2. Leave the Data Where It Is
One of the definitions of “big data” is it’s too big to move. To that end, one of the hallmarks of Zoomdatas’ approach is leaving the data where it is, and pushing queries down to the underlying data store where it’s possible.
Zoomdata builds specialized connectors that push analytic processing down to each supported data store. The company supports Hadoop-based SQL store like Impala or Hive; NoSQL stores like MongoDB; NewSQL stores like MemSQL; relational databases like Oracle and SQL Server; cloud stores like Redshift and Salesforce.com; search engines like Solr and ElasticSearch; and streaming data sources like Twitter, Kinesis, and InforSphere Streams (currently in development).
“The bulk of the work is happening in the big data source,” Zoomdata product manager Scott Cappiello tells Datanami. “You really have to treat each of those as something special, because they are. There is something special and a reason why you chose that data framework. It fits the data. So you need a visualization layer that’s going to take advantage of what’s great about each of those frameworks.”
Zoomdata builds each connector using the native APIs of each store, where available. This provides an advantage over other tools that use a generic ODBC or JDBC connector, Cappiello says.

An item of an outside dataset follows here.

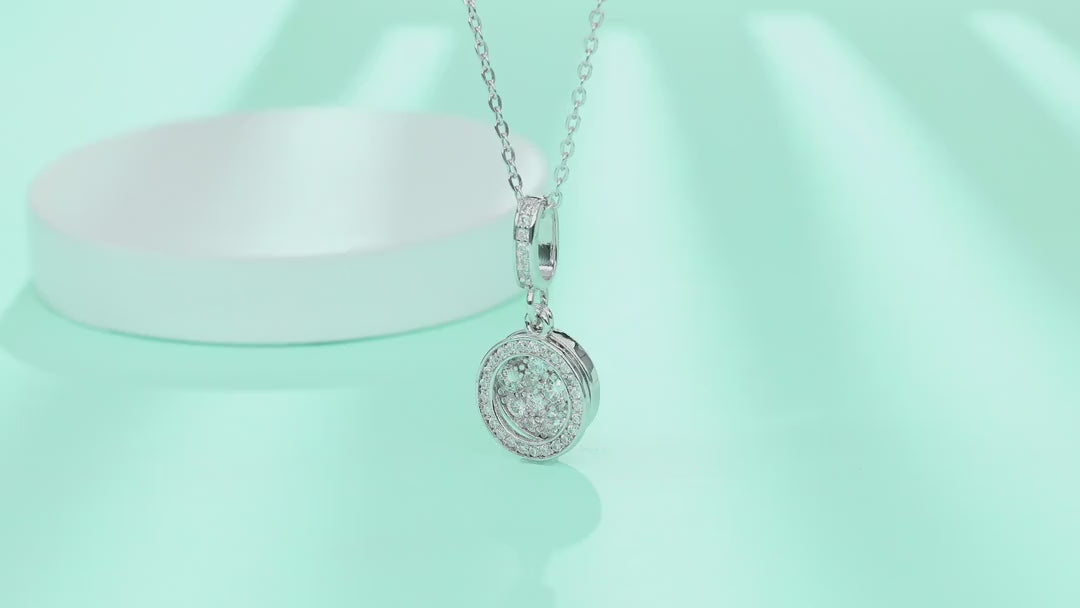 Union Moissanite Cluster Pendant Necklace in Sterling Silver — video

“In other tools, you’d be spinning the hour glass waiting for the query to come back,” he says. “With Zoomdata, as soon as we have something, we’re able to show a piece of the visualization to you and it sharpens over time as you’re analyzing it. You don’t have to wait to take action. You can zoom down and see more detail even while that sharpening is happening.”

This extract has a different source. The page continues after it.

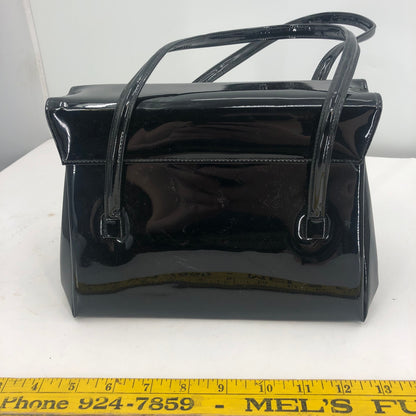 Vintage Lewis Women Handbag Purse Shiny Patent Leather 3 Compartment Black OS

3. Make Multiple Data Sources Look Like One
You can’t push all queries down to the source. Joins, for instance, don’t work that way. One of the most important things analysts are doing with big data is creating “mashups” that combine multiple sources, and Zoomdata is supporting this need within its tool.
The company is currently building a new capability called Fusion that lets users combine two sources together. With Fusion (expected to become available next month), the company aims to enable regular data analysts to do sophisticated data manipulations that typically required skilled IT professionals.
“It makes multiple sources appear as one,” Cappiello says “We’re recognizing the reality that enterprises today are going to have a mix of different kind of data frameworks in the enterprise. They’re going to have big data they brought online, but they’re also going to enterprise data warehouses and analytic RDBMs that still have utility in the organization. But you’d like to be able to bring those together and make multiple sources appear as a single source.”
Zoomdata is only three years old and has a ways to go if it’s going to beat out other startups to unseat Tableau at the top of the visualization heap. The company, which has raised $22 million to date, has about 30 customers to date, one of which signed an eight-figure deal.
The Reston, Virginia company is growing fast, and now has more than 90 employees. But perhaps the best thing Zoomdata has going for it are its partnerships with Cloudera and Hortonworks, which together account for most of its leads. The company is working with Hortonworks on a Hive on Tez connector, which should be out soon and could bolster the Hadoop distributor’s efforts to increase Hive adoption.
Last month, Cloudera announced that Zoomdata would be included in its Cloudera Live sandbox running on AWS. Just two visualization tool vendors made the cut. “They picked Tableau for their reach in the market and excitement,” Halsey says. “And they have us because we’re the ones that actually work on large data sets.”